In 2018 AD, today – if I want to know the time, I look at the smartwatch on my wrist. The watch synchronises with my phone which syncs to the network which syncs with an atomic clock. The value of time which I finally have is accurate enough to not be off by more than a second over the span of a million human lifetimes. Neither the rotation of earth around its axis nor its revolution around the sun is accurate enough to be used as a timekeeping standard anymore. Still, with all this progress, we must humbly admit that we do not know if what we measure as time is an entity inherent in physical laws of nature or a figment of man’s creation.
Our understanding of the flow of time started with understanding correlations between observable periodicities of nature. What could be seen and measured has shaped the theories of time proposed by contemporary thinkers, philosophers and scientists over the course of human history. The earliest farmers (over 10,000 years ago) used periodicity in constellations to predict seasons, and scheduled night-time work for full moon nights. Around 1500 BC, the quest to be more granular in modeling natural periodicity inspired us to build sundials and water clocks. The ubiquitous circular face of contemporary analog clocks is inherited from sundials.
In Vedic texts dating to the 2nd millenium BC, Indian philosophers professed that the universe goes through repeated cycles of creation, destruction and rebirth- through “kaal-chakra”, the “wheel of time”. This was not the only reference to a cyclical idea of time in our history. Plato, who lived in 4th century BC, believed that we are part of a big time-churning machine and when planetary configurations return to its initial state (a process that takes 25,800 years), everything would start again. This idea of cyclical time, in some form, enjoys some following even today. A group of modern cosmologists hold the view that the universe has a “bouncy fate”, that it’d go through repeated cycles of expansion and contraction, and we are currently in an accelerated expansion phase.

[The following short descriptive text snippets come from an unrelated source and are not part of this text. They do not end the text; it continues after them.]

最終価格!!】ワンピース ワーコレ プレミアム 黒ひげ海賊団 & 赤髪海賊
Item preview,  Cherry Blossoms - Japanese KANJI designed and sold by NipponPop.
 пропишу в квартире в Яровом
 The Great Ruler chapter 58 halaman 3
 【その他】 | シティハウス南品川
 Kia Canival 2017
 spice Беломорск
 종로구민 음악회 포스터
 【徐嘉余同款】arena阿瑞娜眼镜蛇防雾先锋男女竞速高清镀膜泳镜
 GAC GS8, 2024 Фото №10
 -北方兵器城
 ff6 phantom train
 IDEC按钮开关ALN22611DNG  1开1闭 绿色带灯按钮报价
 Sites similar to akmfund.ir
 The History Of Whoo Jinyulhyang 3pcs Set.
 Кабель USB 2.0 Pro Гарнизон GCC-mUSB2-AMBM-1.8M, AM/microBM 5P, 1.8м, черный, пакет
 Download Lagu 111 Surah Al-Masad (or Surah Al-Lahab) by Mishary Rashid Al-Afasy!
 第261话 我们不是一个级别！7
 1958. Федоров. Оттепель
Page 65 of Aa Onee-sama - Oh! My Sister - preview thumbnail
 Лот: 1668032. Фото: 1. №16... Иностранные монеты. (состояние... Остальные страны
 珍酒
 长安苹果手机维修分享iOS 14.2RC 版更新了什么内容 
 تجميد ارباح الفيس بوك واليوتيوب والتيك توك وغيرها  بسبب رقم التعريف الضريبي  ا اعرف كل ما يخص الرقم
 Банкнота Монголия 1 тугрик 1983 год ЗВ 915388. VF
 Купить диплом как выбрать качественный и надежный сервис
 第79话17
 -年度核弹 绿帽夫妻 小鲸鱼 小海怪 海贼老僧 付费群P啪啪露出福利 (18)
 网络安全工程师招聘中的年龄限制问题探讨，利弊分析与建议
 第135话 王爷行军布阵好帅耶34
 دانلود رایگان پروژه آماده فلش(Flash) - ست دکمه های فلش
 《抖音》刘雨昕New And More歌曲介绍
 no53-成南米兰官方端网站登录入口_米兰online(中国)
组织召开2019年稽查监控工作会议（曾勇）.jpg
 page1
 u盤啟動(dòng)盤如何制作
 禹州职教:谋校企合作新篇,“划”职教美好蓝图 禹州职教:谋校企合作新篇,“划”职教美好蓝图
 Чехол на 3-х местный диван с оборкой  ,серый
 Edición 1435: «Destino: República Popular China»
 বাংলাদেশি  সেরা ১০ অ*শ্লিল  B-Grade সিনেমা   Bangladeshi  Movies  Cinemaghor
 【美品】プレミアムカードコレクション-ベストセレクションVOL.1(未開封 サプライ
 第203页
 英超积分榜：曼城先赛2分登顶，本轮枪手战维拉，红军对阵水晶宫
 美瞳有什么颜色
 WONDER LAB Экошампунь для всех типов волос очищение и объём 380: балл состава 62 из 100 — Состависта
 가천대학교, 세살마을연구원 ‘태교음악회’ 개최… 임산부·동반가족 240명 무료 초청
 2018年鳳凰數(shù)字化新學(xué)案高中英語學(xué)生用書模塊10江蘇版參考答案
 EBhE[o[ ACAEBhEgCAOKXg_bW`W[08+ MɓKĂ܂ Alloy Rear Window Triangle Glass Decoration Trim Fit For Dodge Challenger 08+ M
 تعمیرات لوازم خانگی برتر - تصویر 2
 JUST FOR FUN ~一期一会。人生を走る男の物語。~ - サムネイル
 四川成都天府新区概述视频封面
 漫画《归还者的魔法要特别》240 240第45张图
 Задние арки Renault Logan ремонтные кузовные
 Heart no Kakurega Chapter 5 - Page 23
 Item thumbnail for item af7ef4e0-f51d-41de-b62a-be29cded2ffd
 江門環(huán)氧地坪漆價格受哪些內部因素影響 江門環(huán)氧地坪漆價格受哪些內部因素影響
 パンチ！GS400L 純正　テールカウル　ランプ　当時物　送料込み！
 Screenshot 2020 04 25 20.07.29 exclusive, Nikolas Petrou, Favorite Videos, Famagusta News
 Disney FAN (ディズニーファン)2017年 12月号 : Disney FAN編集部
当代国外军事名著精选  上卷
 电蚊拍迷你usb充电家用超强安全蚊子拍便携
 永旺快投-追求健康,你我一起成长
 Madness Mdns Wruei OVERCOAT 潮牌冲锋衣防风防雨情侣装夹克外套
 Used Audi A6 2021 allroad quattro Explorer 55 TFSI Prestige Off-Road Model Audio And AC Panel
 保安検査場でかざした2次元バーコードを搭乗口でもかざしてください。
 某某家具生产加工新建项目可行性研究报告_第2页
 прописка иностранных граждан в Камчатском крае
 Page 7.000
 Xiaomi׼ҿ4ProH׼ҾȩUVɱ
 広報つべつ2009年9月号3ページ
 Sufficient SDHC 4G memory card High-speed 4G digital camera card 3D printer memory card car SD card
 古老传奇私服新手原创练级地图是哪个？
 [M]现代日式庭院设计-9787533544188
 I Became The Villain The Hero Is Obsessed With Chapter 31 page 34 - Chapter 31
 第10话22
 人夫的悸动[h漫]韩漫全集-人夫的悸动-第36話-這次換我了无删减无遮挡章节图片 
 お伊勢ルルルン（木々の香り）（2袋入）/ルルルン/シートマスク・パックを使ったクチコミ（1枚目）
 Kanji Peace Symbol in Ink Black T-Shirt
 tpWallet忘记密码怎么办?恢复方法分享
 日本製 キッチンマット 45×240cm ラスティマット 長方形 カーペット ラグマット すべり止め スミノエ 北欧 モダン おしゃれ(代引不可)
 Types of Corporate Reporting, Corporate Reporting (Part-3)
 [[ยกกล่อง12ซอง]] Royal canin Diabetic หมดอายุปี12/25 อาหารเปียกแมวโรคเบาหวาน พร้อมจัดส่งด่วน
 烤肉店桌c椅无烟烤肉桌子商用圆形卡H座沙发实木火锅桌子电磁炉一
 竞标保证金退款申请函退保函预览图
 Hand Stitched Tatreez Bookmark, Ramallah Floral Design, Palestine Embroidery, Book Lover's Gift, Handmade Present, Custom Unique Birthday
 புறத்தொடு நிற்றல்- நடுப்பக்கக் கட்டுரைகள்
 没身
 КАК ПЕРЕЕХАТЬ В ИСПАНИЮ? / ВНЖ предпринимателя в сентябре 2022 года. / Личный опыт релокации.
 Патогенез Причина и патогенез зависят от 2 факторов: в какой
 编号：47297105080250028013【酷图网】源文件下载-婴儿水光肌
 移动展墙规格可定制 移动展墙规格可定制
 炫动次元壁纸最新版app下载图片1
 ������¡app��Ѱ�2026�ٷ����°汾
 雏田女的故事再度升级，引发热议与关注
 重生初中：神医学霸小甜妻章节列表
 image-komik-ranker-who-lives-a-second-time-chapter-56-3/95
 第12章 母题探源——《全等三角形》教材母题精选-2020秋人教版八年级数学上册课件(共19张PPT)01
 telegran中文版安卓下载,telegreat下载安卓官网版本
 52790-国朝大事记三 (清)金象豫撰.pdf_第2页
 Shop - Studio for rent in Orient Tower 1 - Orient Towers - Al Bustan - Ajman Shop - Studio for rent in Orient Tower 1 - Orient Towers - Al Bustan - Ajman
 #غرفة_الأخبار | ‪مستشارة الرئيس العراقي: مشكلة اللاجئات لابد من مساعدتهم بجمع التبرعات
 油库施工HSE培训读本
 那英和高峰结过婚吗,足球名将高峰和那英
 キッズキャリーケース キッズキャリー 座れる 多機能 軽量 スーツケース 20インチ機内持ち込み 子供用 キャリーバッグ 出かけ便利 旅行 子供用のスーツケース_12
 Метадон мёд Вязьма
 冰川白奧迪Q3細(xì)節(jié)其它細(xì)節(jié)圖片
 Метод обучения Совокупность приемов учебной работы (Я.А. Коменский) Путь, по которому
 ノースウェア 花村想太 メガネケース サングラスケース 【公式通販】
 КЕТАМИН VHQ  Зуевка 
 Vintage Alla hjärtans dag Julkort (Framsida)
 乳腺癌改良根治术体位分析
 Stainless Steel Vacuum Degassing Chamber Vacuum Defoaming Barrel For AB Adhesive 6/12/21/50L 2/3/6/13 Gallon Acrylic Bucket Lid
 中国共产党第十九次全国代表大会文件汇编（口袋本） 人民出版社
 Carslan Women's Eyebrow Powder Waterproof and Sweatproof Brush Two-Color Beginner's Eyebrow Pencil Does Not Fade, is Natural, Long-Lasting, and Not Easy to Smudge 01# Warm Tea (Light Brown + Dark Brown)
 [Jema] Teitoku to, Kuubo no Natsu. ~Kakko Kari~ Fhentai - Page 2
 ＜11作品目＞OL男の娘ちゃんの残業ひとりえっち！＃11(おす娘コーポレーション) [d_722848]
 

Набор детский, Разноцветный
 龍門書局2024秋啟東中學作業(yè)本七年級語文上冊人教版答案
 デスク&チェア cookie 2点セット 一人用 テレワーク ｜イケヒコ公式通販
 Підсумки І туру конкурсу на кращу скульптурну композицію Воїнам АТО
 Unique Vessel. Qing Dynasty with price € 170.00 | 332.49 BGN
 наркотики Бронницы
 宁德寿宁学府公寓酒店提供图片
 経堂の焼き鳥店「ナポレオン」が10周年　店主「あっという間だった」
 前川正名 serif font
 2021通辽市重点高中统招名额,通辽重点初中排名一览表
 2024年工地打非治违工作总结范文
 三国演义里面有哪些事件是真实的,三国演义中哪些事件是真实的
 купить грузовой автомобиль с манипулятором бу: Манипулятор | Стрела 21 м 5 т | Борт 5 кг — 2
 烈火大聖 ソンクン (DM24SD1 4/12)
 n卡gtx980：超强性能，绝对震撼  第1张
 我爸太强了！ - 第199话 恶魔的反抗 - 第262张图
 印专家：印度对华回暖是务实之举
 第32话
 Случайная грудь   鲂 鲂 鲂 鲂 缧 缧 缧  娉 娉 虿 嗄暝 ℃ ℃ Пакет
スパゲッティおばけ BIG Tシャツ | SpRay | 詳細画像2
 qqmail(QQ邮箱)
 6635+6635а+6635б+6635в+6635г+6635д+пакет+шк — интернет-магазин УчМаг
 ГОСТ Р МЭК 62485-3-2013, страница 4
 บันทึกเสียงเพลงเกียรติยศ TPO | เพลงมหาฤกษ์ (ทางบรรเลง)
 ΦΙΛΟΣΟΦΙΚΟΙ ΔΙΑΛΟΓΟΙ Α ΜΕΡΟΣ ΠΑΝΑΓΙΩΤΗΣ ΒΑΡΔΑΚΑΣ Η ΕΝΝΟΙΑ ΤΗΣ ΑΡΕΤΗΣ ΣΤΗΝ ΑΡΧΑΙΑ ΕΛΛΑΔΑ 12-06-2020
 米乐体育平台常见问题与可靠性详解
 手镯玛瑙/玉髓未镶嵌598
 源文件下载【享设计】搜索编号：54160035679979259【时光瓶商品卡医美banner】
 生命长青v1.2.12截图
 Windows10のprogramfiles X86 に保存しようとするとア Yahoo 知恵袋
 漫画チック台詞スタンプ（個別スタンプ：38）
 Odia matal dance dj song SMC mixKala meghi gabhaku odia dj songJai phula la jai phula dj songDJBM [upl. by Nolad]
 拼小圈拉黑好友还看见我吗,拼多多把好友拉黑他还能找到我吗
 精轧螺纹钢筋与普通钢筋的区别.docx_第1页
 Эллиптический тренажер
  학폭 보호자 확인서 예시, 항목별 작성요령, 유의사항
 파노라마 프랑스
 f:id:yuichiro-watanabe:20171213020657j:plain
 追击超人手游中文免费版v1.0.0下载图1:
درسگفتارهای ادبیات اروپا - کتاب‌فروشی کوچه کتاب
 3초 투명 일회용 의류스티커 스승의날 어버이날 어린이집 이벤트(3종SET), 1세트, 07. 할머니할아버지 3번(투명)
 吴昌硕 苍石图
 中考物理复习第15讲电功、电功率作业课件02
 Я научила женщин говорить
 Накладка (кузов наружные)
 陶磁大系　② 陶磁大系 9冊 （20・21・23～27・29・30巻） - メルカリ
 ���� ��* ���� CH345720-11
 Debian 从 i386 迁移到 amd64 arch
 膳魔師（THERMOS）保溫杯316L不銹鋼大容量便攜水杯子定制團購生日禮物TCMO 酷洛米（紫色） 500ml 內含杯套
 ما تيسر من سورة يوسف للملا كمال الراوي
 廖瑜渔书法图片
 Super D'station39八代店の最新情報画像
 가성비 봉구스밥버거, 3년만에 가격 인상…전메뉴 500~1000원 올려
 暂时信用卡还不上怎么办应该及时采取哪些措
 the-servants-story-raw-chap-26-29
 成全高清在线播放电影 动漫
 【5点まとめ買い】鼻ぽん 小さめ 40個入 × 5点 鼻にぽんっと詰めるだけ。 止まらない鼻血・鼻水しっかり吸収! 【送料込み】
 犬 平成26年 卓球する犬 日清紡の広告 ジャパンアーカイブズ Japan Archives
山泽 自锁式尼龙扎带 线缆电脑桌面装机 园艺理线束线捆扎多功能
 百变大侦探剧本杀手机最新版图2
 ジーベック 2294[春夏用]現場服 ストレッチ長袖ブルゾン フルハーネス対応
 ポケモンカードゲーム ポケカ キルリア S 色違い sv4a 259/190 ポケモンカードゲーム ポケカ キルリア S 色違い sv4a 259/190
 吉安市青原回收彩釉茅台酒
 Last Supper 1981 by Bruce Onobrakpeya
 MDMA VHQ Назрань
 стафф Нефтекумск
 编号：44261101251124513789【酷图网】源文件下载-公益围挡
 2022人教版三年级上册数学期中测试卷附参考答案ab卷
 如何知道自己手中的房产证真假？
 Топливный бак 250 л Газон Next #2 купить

Plato’s student Aristotle held a different view of time. He saw time as an attribute of movement, a measure of change. To him, time does not exist on its own. He called time “the numeration of continuous movement” or “the number of change in respect of before and after”. He argued, since time is essentially a measurement of change, it requires the presence of a soul capable of “numbering” the movement. He also questioned the realness of time:
If time essentially consists of two different kinds of non-existence (the past or the “no longer”, and the future or the “not yet”) separated by a nothing (the instantaneous and vanishing present or “now”), how then can we talk of time as actually existing at all?
The idea that time is an illusion has been a common theme in Buddhist philosophy (since 6th century BC). In the modern scientific era, since John Wheeler and Bryce DeWitt formulated their equation (in 1967), several physicists believe that time might not be a fundamental phenomenon of nature but an emergent one. It’s worthwhile to trace the evolution of scientific thought that led us here.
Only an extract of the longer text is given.